Questo dato storico, che non trova riscontro in altri paesi occidentali—neppure in Francia dove il conflitto politico è/è stato non meno incandescente che in Italia—spiega assai bene certe modalità della politica italiana. A cominciare dalla natura carismatica dei partiti che, in quanto portatori di legittimità sostanziale, sono superiorem non recognoscentes: l’immagine di uno Stato forte e neutrale diventa, nella loro ottica, ideologia, falsa rappresentazione: un prefetto, un questore, un generale, un direttore di quotidiani, un editore etc. sono simboli di istituzioni vuote, che vanno riempite di contenuti etico-sociali concreti, che nel ventennio erano sfornati da un solo partito e, a partire dal secondo dopoguerra, da una pluralità di partiti. Il funzionario che “non guarda in faccia a nessuno” da noi è quasi un “cavaliere inesistente” che pretende di far rispettare la legge e l’ordine anche ai rappresentati consacrati dal voto popolare ma si muove come un’armatura vuota. I partiti non sono il braccio armato e intercambiabile (le loro fortune dipendono dalle urne) dello Stato, ma i suoi servi padroni o, meglio, non sono gli interpreti delle sue volontà ma coloro che ne indicano le direzioni, che dicono alla volontà ciò che deve volere.
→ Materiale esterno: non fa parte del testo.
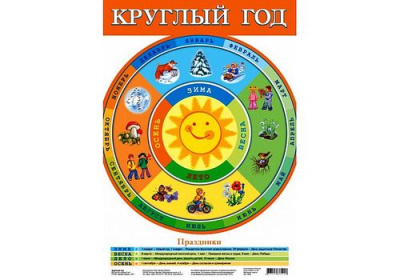Плакат Круглый год (дрофа)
Anni fa, in Francia, i socialisti subirono un grave scacco elettorale perché sospetti di voler mettere le mani sulla Pubblica Amministrazione. Oltralpe i diritti civili sono assicurati—con buona pace dei retori liberisti e libertari dell’anticentralismo—giacché i vari regimi politici non erodono la pianta dello Stato, accampandosi sulle sue rovine come i barbari del tardo impero. I servizi pubblici funzionano (dalla Sanità alle ferrovie) perché i politici—Parlamento ed esecutivo—esercitano funzioni doverose di mero controllo: nel nostro paese, al contrario, le nomine alla direzione degli enti diventano un terreno di scontro politico, volendo ciascun’area politica imporre “i suoi uomini”, per far valere la propria concezione del bene pubblico. Questo brutto costume di casa, paradossalmente, era ancora tollerabile quando erano vivi e vegeti i partiti tradizionali che si richiamavano a forti ideologie: l’interesse generale, allora, si identificava con quello di una parte ma questa parte riteneva, a sua volta, di battersi per i grandi valori (la solidarietà cristiana interclassista, l’ascesa del proletariato, il riscatto delle campagne etc.). Finita l’era dei “grandi racconti”, rimane solo la lotta per il potere fine a se stessa, che si svolge in un’arena—lo Stato—sempre più evanescente e privo di veri difensori, impensabili ove manchino il “senso delle istituzioni” e, me lo si lasci dire, l’orgoglio dell’appartenenza alla comunità nazionale. Valori irrecuperabili per sempre se si pensa che ci si sente italiani (forse) solo all’estero giacché a definirci sono, soprattutto, le nostre opinioni politiche e le nostre collocazioni regionali.